Marino, Young, Irvin Among Hall of Fame Nominees
NFL Marino, Young, Irvin among Hall of Fame nominees (CBS SportsLine)
Quarterbacks Dan Marino and Steve Young and wide receiver Michael Irvin are among nine first-time nominees for the Pro Football Hall of Fame. Commissioner Paul Tagliabue also is among the 89 nominees on the preliminary ballot.
Marino, who holds the career records for yards passing, completions and touchdown passes, spent his entire 16-season career with the Miami Dolphins. Young, who began his career in the USFL, played first in the NFL for Tampa Bay, then starred with San Francisco, setting a record for touchdown passes in a Super Bowl with six in the 1995 game. Irvin starred for the Dallas teams that won three Super Bowls in four seasons in the 1990s.
Other first-time nominees include Dan Reeves, who coached Denver to three Super Bowls and Atlanta to another; guard Nate Newton, who played with Irvin on the Dallas Super Bowl teams; defensive lineman Charles Haley, who was on Super Bowl winners with both San Francisco and Dallas; the late Derrick Thomas, who starred at linebacker for Kansas City; Kevin Greene, a pass-rushing star with several teams; and safety Steve Atwater, who starred for Denver in the ’80s and 90s.
The list of 89 will be narrowed first to 25 semifinalists and then to 13 finalists. The 13 finalists will be joined by Bennie Friedman and Fritz Pollard, who were chosen last summer as the nominees of the old-timers committee. A maximum of six can be elected in final voting on Feb. 5. Inductions are next summer.

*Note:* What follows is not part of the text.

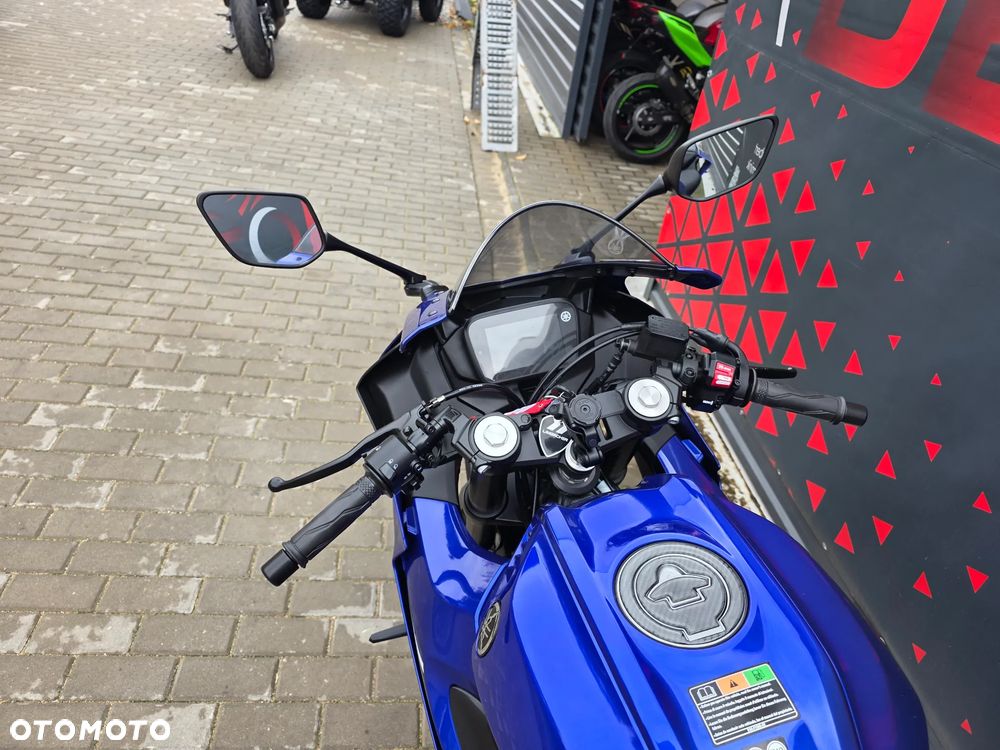 Yamaha YZF - 17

An impressive group–even more so than usual. I would think Marino, Young, and Haley to be stone cold locks for first ballot selection. Marino has almost every passing record in NFL history. Young has one of the highest passing raters ever and was a Super Bowl MVP. Haley has five Super Bowl rings. Tagliabue has ably filled Pete Roselle’s gigantic shoes and will certainly be inducted eventually. Irvin was a superstar receiver and was the acknowledged leader of a team that won three Super Bowls in four years. He clearly deserves to be in the Hall, but was considered something of a problem off the field–although not by today’s standards–and his statistics may be overshadowed by others. Thomas will be be inducted–sadly, posthumously–not only for his terrific on-the-field performance but because he was so well liked and admired off the field. Greene and Atwater are clearly in a second tier compared to those guys but were among the dominant defensive players of the 1990s. I don’t know much about Friedman and Pollard and really have no opinion on their worthiness. On the one hand, I’m dubious of old timer’s committee nominees, on the theory that they didn’t get inducted in their day for a reason. On the other, there are several Dallas Cowboys from the 1970s that should be in the Hall but aren’t.